Cumhurbaşkanı Recep Tayyip Erdoğan, Beştepe Millet Kongre ve Kültür Merkezi'nde düzenlenen 28'inci Dönem Adli Yargı Hakim ve Cumhuriyet Savcıları ile 18'inci Dönem İdari Yargı Hakimleri Kura Töreni'ne katıldı. Konuşmasına, törenin ülke, millet ve adalet teşkilatı için hayırlara vesile olmasını dileyerek başlayan Erdoğan, eğitim ve staj dönemlerini başarıyla tamamlayarak mesleğe adım atmaya hazırlanan 712 hakim, 492 Cumhuriyet savcısı ve 147 idari hakimi tebrik etti.

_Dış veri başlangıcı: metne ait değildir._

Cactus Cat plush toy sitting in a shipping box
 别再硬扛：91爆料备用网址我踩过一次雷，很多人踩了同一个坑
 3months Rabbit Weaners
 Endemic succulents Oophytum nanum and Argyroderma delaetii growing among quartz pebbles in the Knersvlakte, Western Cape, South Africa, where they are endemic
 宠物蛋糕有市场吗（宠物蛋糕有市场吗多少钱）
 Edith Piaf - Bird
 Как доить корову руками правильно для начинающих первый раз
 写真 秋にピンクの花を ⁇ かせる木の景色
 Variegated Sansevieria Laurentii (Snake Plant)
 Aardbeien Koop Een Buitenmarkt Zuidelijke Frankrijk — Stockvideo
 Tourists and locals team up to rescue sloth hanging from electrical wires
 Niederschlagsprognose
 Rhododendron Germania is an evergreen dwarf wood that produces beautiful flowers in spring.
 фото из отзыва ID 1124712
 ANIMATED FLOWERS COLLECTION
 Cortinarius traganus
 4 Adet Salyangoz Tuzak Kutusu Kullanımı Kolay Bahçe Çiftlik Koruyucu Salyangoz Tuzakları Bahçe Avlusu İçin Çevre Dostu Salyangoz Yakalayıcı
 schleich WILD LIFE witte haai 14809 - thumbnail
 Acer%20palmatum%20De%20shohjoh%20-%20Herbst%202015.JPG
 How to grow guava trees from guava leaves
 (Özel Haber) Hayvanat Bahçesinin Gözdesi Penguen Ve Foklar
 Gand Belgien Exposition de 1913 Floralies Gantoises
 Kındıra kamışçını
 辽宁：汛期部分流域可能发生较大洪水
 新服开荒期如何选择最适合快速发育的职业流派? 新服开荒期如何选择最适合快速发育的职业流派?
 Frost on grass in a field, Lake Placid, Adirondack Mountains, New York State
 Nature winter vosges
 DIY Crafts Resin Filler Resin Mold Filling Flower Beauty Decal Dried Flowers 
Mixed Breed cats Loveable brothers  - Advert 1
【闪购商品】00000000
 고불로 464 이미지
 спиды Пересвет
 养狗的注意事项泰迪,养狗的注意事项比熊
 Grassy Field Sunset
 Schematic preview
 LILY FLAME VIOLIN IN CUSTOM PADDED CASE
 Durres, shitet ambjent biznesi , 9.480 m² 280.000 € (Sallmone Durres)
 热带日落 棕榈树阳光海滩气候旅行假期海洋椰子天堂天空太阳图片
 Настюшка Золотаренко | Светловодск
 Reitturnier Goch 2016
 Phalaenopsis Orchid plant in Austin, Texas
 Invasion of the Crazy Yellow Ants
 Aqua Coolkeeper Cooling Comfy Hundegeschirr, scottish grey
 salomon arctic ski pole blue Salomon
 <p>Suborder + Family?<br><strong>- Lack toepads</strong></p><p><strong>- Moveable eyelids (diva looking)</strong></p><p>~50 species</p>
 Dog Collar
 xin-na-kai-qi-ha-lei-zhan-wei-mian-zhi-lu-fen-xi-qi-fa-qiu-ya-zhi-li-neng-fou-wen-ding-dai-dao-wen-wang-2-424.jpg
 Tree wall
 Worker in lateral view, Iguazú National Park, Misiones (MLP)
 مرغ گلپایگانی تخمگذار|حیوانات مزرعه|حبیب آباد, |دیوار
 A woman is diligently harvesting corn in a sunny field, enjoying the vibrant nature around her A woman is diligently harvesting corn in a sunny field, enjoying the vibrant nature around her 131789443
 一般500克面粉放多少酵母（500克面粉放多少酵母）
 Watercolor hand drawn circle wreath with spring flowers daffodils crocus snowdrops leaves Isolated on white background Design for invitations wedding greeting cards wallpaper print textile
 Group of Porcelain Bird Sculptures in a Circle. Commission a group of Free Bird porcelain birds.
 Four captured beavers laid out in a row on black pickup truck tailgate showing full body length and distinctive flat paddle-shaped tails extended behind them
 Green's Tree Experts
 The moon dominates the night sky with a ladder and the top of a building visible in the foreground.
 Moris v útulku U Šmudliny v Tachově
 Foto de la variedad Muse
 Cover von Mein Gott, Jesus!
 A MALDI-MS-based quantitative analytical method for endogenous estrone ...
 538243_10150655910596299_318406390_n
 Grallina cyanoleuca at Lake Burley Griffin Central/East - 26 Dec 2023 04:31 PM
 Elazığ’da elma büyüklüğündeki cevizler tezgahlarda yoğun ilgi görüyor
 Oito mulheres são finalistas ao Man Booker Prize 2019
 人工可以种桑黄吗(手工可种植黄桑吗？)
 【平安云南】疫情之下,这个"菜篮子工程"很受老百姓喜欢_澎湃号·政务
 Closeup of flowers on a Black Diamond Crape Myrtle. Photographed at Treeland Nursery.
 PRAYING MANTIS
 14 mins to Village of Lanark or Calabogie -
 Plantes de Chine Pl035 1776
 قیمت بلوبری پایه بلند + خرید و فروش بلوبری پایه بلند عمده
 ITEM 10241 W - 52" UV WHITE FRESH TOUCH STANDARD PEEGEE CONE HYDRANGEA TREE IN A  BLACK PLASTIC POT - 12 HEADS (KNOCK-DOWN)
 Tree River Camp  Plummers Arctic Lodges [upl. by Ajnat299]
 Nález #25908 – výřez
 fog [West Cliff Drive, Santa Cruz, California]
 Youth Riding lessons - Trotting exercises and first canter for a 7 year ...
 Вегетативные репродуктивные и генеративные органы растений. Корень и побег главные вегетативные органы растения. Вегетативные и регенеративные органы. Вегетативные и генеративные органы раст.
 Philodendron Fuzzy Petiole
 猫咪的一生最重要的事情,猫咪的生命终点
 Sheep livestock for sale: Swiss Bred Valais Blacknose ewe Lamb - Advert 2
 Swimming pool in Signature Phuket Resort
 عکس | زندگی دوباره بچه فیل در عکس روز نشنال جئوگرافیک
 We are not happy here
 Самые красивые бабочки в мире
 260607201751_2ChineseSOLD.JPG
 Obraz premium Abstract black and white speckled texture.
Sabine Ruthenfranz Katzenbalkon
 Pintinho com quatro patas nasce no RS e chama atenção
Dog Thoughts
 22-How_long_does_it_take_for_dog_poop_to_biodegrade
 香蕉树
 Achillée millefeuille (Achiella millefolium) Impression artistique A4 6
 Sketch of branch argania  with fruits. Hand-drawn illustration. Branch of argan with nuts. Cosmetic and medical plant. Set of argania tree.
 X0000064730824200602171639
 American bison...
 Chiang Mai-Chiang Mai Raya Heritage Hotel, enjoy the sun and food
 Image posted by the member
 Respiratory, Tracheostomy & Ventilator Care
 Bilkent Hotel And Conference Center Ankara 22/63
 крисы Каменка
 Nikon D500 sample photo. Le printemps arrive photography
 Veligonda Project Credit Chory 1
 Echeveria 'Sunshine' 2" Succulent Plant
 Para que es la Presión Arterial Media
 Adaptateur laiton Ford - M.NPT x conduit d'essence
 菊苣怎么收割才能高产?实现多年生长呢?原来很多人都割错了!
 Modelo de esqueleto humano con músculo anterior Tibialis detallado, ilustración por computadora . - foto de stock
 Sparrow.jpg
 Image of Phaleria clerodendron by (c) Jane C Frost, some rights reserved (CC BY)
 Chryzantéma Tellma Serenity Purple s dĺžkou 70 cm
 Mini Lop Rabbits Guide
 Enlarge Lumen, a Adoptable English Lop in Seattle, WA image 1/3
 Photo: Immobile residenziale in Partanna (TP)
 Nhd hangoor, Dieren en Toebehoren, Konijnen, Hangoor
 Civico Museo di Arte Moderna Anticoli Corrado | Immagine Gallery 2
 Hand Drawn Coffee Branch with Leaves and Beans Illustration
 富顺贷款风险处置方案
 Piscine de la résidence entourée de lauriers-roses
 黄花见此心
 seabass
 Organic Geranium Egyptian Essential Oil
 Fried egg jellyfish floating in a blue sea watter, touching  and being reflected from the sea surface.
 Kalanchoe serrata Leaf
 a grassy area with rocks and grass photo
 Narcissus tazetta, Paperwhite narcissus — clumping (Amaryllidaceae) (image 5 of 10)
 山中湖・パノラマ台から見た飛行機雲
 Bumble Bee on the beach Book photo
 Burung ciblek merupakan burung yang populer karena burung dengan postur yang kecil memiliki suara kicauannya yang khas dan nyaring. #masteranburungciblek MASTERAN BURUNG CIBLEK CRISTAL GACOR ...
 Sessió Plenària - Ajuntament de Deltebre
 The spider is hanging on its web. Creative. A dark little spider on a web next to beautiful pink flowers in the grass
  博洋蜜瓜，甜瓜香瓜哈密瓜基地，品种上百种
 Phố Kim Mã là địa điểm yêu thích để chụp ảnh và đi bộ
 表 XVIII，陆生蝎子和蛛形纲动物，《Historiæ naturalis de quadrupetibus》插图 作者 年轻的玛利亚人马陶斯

'ÖZGÜRLÜKLERİN EŞİT UYGULANDIĞI TÜRKİYE'Yİ HERKES KABUL EDECEK'
Halihazırda ülke genelinde 2 bin 415'i idari yargıda olmak üzere toplam 25 bin 449 hakim ve Cumhuriyet savcısının görev yaptığını belirten Erdoğan, "25 bini aşkın hakim ve Cumhuriyet savcımızın 9 bin 812'sini kadın yargı mensuplarımızın teşkil etmesini ayrıca önemli buluyorum. 28 ve 18'inci dönemde dereceye giren 8 genç arkadaşımızdan 5'inin kadın olması ayrıca takdire şayandır. Türkiye, kadınları hayatın dışına iten demokrasi ayıplarından kurtuldukça hamdolsun çok farklı bir atmosfer yakaladı. Kılık kıyafet yasakları başta olmak üzere önlerinde duran engelleri tek tek kaldırdıkça, büyük memnuniyetle ifade etmek isterim ki kadınlar kamu bürokrasisinde daha fazla yer almaya, daha görünür olmaya başladı. Ancak bazı çevrelerin bu değişime henüz ayak uyduramadığını görüyoruz. Başörtülü yargı mensuplarımız konusunda edep ve ahlak sınırlarını aşan hazımsızlıklara zaman zaman hepimiz şahit oluyoruz. Akıl, vicdan ve hukukla bağdaşmayan bu tepkileri, sadece derin bir teessüf ve taaccüple takip ettiğimizin bilinmesini isterim. Türkiye artık bunları geride bırakmıştır. Geride bırakmak zorundadır. Belki biraz zaman alacak, belki biraz hazım problemi çekilecek ama özgürlüklerin herkese eşit uygulandığı yeni Türkiye'yi herkes kabul edecek. Bilhassa kadınların, kamu-özel ayrımı olmadan, hayatın farklı alanlarında, onurluca yer almalarına herkes alışacak" diye konuştu.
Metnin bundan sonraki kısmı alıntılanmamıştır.